By Shirley Palmerton
Many of us have watched the news and wondered what has happened to common sense.
People are told over and over what to do if they are going to be hit by a strong hurricane or blizzard. We can always shovel snow but water has a mind of its own so we have to be cautious.
We hear many times that we should go to a shelter. We can take our important papers, a change of clothing, our meds, snacks and pets. Yet, many choose to stay home and have to be rescued by boat, snowmobile or helicopter. Many have risked their own lives saving those who stayed behind.
Times have changed. In nursing homes now, patients cannot be restricted to their beds or seating places. I was told they should have the pleasure of falling. I never knew that was a pleasure.
The beds in rehab now have no side rails. Many people have been hurt trying to get out of bed when the rails were up. I’m sorry about that. I was told many felt confined. Couldn’t the rails just have been put down?
During a recent stay in rehab there were many times I wished the top rail was up so I could grab ahold of something when I needed to turn over.
I asked the nurse how many people there wished there were side rails and she said every one. I bet the people who put that into law never had to lie in one of those beds. If they were hurt, they would have wished they had something to grab onto.
In the dictionary, one of the definitions of “sense” is how you react to something. Wouldn’t the politicians be surprised at how we react to some of the things they come up with? We wonder where is their common sense if they think we’re going to go along with that. They think it’s a better way. We know it’s not.
We all are born with instincts. Immediately we know if we are hurt, hungry or cold. In the inner sense, we know who loves us. As we grow older and go to school, we learn right from wrong. It’s then we choose our path. Common sense comes into our lives and whether we choose it or not, it’s up to us.
Many choose to live by paying attention to whoever is on their cellphone. On TV, we have seen people walk right into an opening in the sidewalk. We’ve seen them walk into poles, traffic or other people. How can they be so engrossed that they don’t know there’s another whole world out there?

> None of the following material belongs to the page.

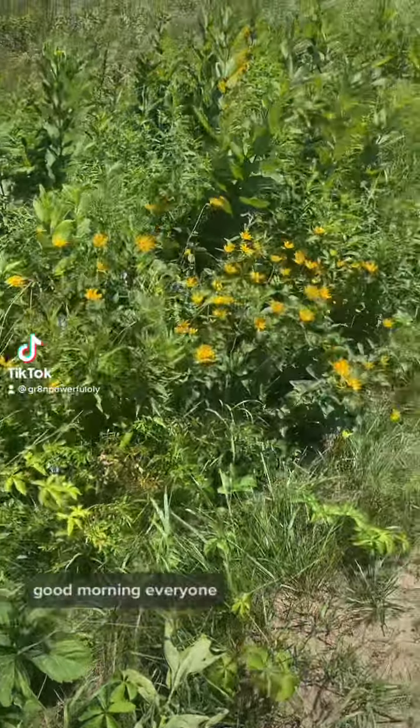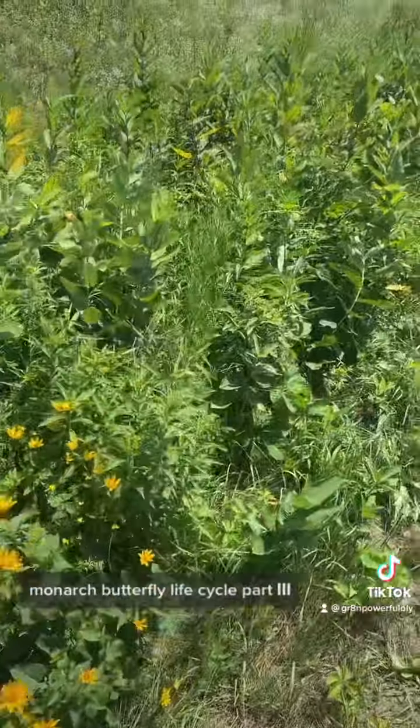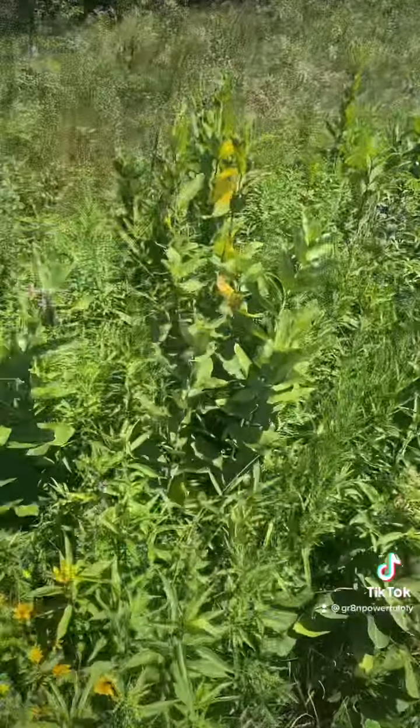Good morning everyone. Monarch Butterfly Life Cycle Part 3: The Chrysalis.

I think it boils down to this: We are all born with common sense. How do we forget it or not use it?
Today we are taught to look at things and then find out on the internet or ask Google questions, versus using our own common sense. Some with good common sense are looked up to in ordinary life. It involves being a good listener.
A common-sense solution can be a shortcut to a long-term decision. We often wonder why someone doesn’t listen when we know the right way to do something and they don’t agree.
People want to over-analyze getting an answer before using it. Of course, we are not always right. It’s hard to believe that, but we must. It’s hard to back off.
In the end, it’s so good to hear them say, “We should have listened to you.”
How about you? Do you have good common sense?
Shirley Palmerton, of Eden, thinks we have innate common sense, but not everyone uses it.